Draghi’s Bond Rally Means Bailed-Out Ireland Can Borrow for Free

Four years ago, Ireland had to be bailed out by its European Union partners. Today investors are paying to lend it money.

Ireland joined nations from Germany to Austria and Finland as its two-year note yield dropped below zero for the first time. Irish 10-year bond rates also dropped to record lows along with Italy’s after European Central Bank policy makers yesterday cut their key interest rate and signaled at least 700 billion euros ($906 billion) of aid to support the flagging euro-zone economy. A report today confirmed the region’s economic recovery ground to a halt in the second quarter.

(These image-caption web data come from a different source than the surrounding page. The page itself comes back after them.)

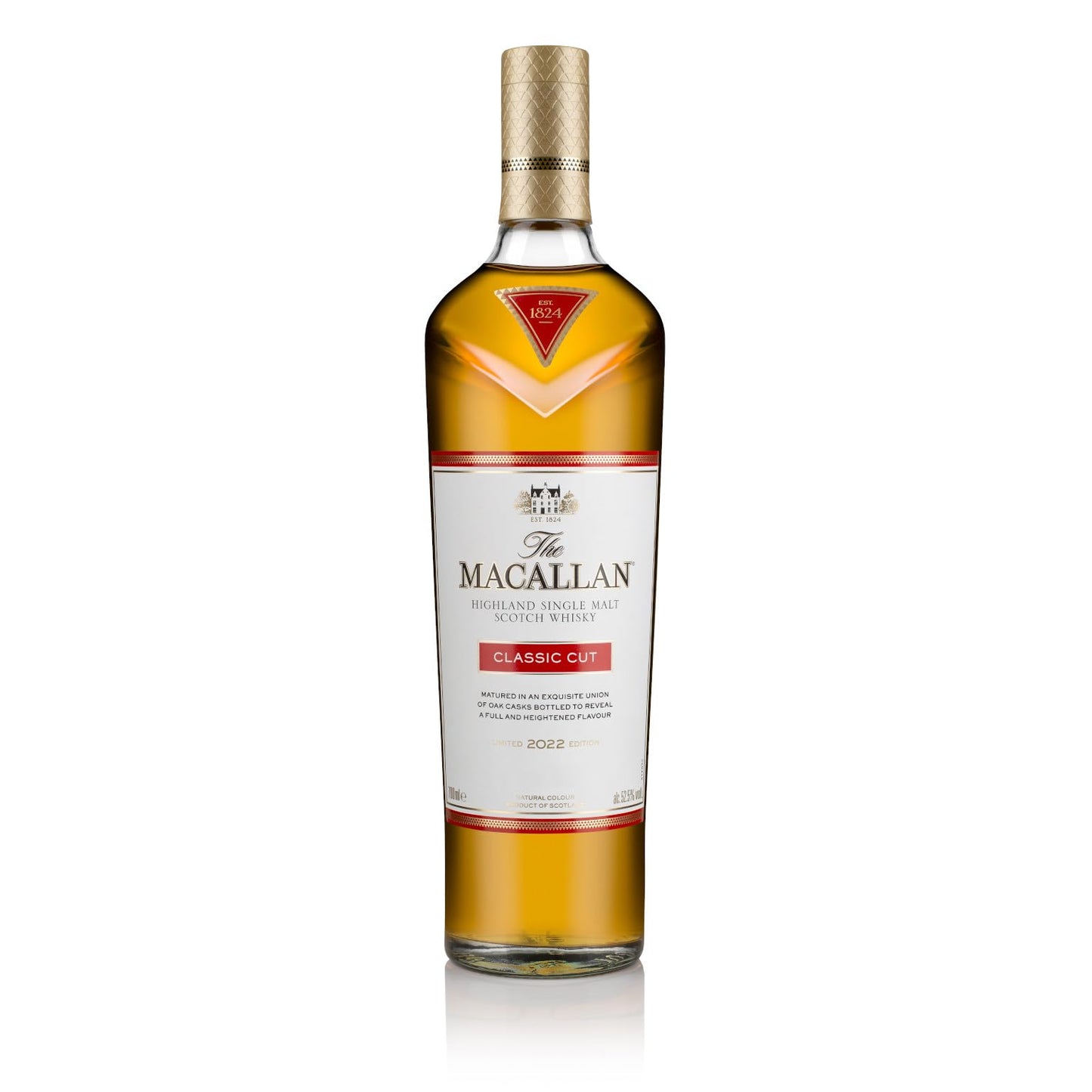 The Macallan CLASSIC CUT Limited Edition 2022 52,5% Vol. 0,7l in Giftbox
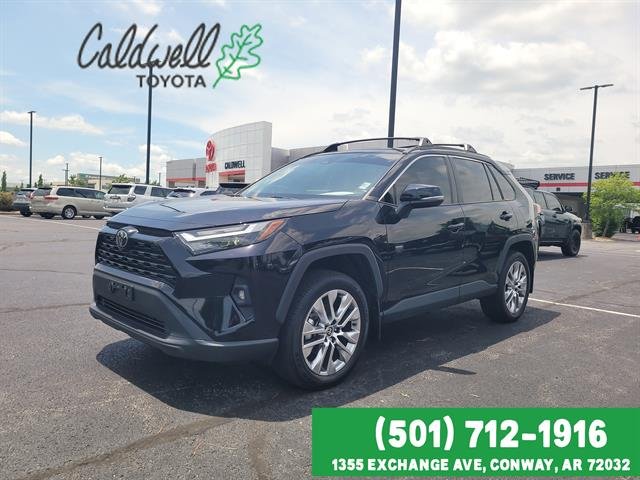 Midnight Black Metallic 2024 Toyota RAV4 XLE Premium FWD SUV / Crossover Front-Wheel Drive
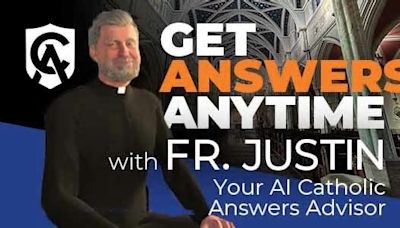 Catholic Answers shelves AI priest 'Father Justin' following backlash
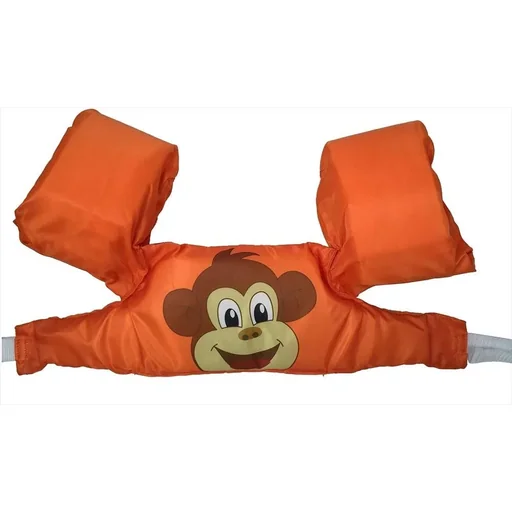 "Comfort Pool life jacket orange image"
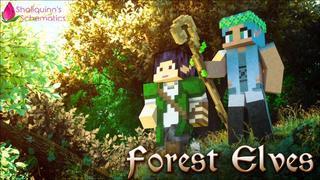 Thumbnail of the Minecraft Bedrock Marketplace product Forest Elves created by Shaliquinn's Schematics.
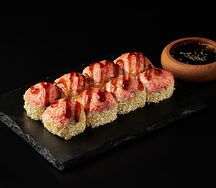 Запеченная Цезарь с курицей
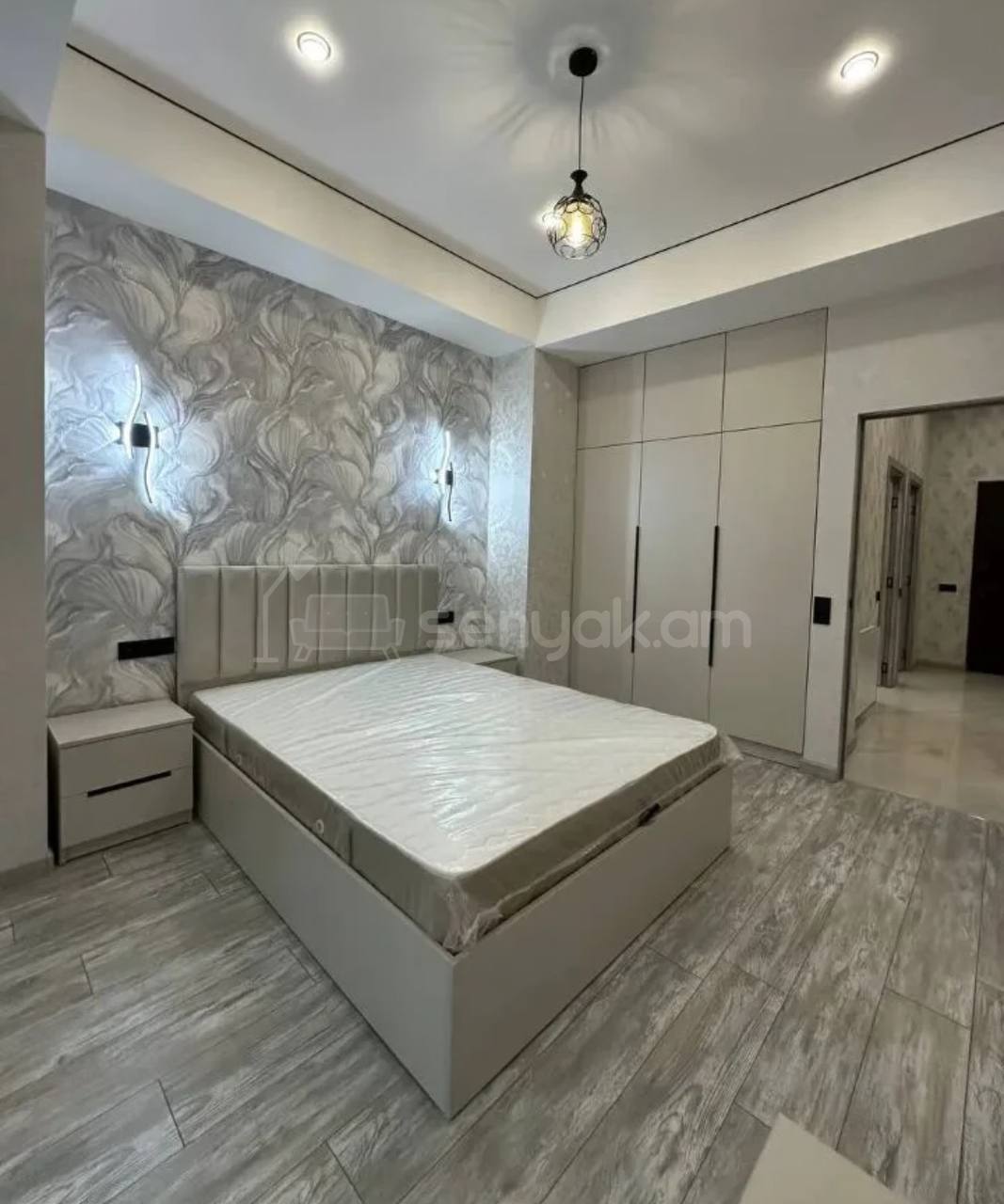 2 Սենյականոց Բնակարան, 61քմ, 15/16 հարկ, Կապիտալ Վերանորոգված, Կահավորված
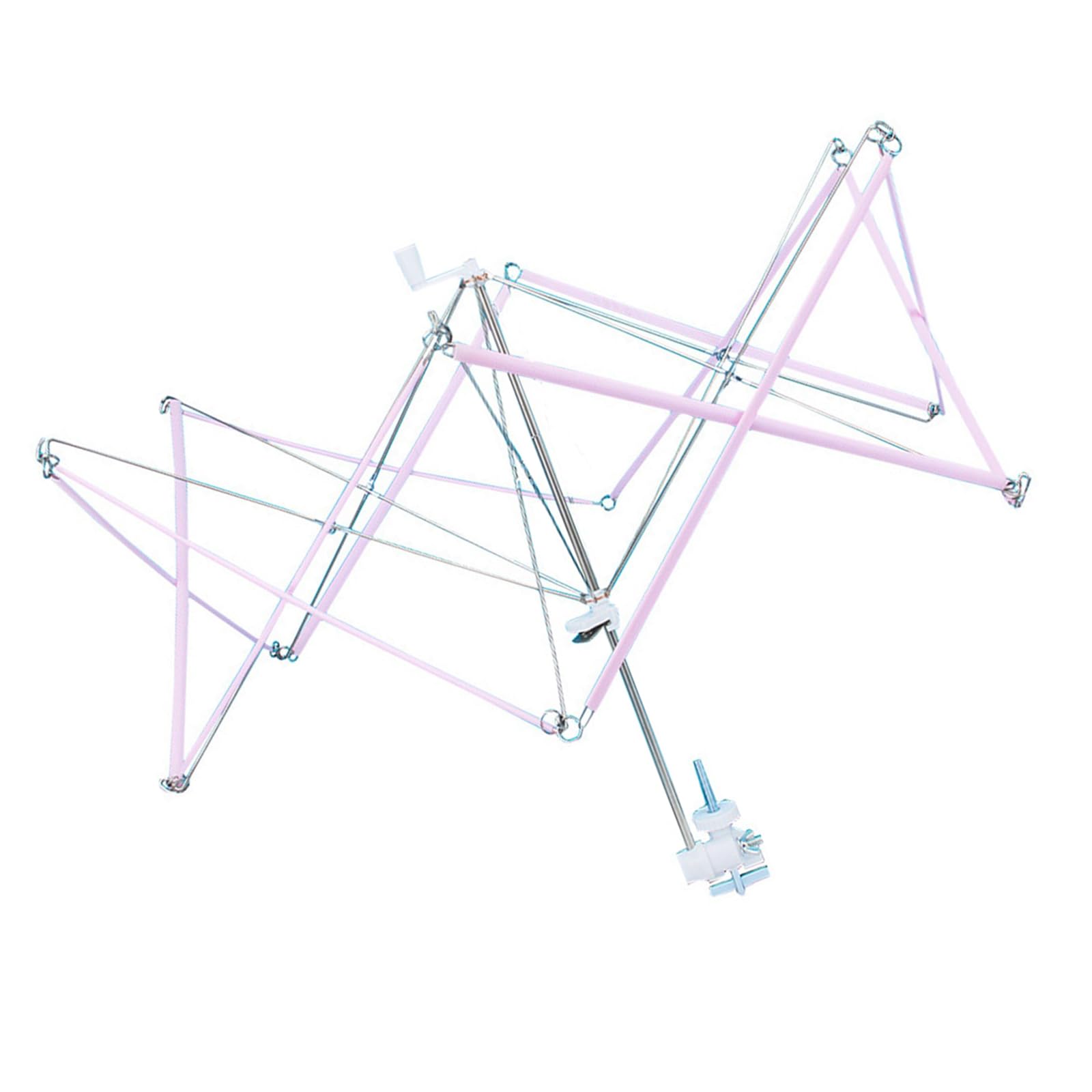 YROHGKPN Yarn Swifts Umbrella Winder Knitting Ball Knitting Tool Easy to Assemble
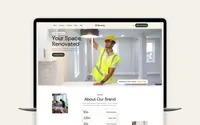 Renoviq theme preview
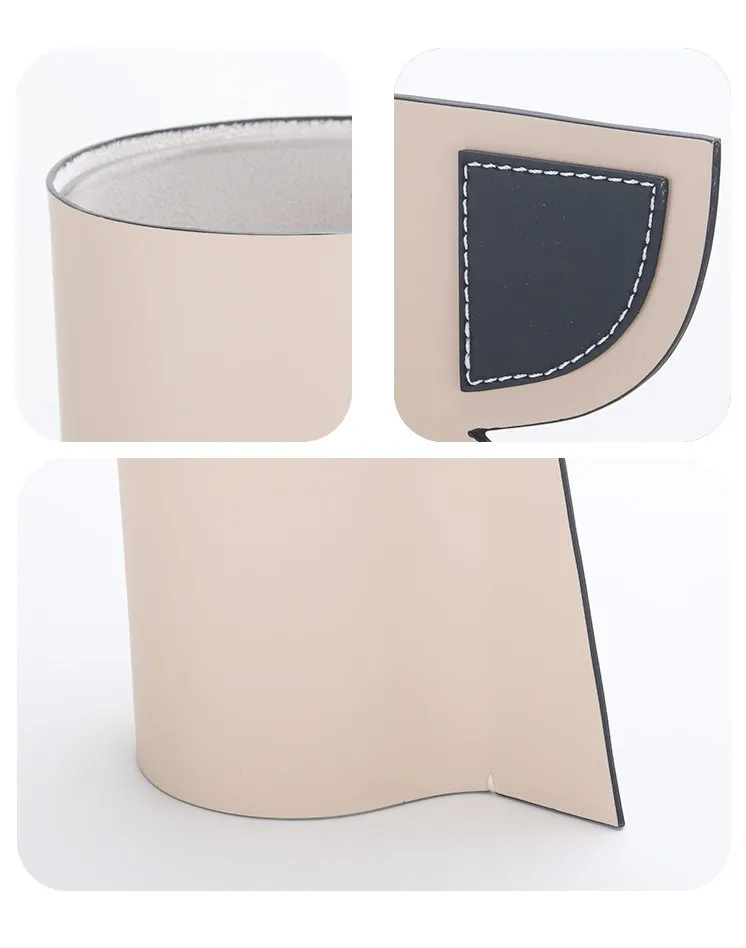 Luxurious Leather Vase thumbnail 4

Negative yields reflect “ECB policy but also reflect a mounting belief in the lack of positive prospect for the European economy,” said Luca Jellinek, head of European rates strategy at Credit Agricole SA’s investment banking unit in London. “This is good news for the periphery.”

Ireland’s two-year yield fell two basis points, or 0.02 percentage point, to 0.004 percent at 10:04 a.m. London time after dropping to minus 0.004 percent, the least since Bloomberg began collecting the data in 2003. The 4.6 percent note due April 2016 rose 0.015, or 15 euro cents per 1,000-euro face amount, to 107.365.

A negative yield means investors buying the securities will get less back than they paid when the debt matures.

Yield Surge

The two-year yield surged to as high as 23.503 percent in July 2011, less than a year after the nation sought a 67.5 billion-euro bailout as its banks came close to collapse in the wake of western Europe’s worst real-estate market bust.

Two-year rates are also negative in Austria, Belgium, Finland, France, Germany and the Netherlands, as well as non-euro nations Denmark and Switzerland, according to data compiled by Bloomberg.

Ireland’s 10-year yield slid as much as four basis points to 1.703 percent, while Italy’s tumbled to 2.275 percent. The benchmark German 10-year bund yield declined one basis point to 0.96 percent.

Gross domestic product in the three months through June was unchanged from the first quarter, when it increased 0.2 percent, the European Union’s statistics office in Luxembourg said today. The reading confirmed Eurostat’s Aug. 14 estimate.

Euro-area government securities returned 10 percent this year through yesterday, Bloomberg World Bond Indexes show. Ireland’s have earned 12 percent and Germany’s 6.8 percent.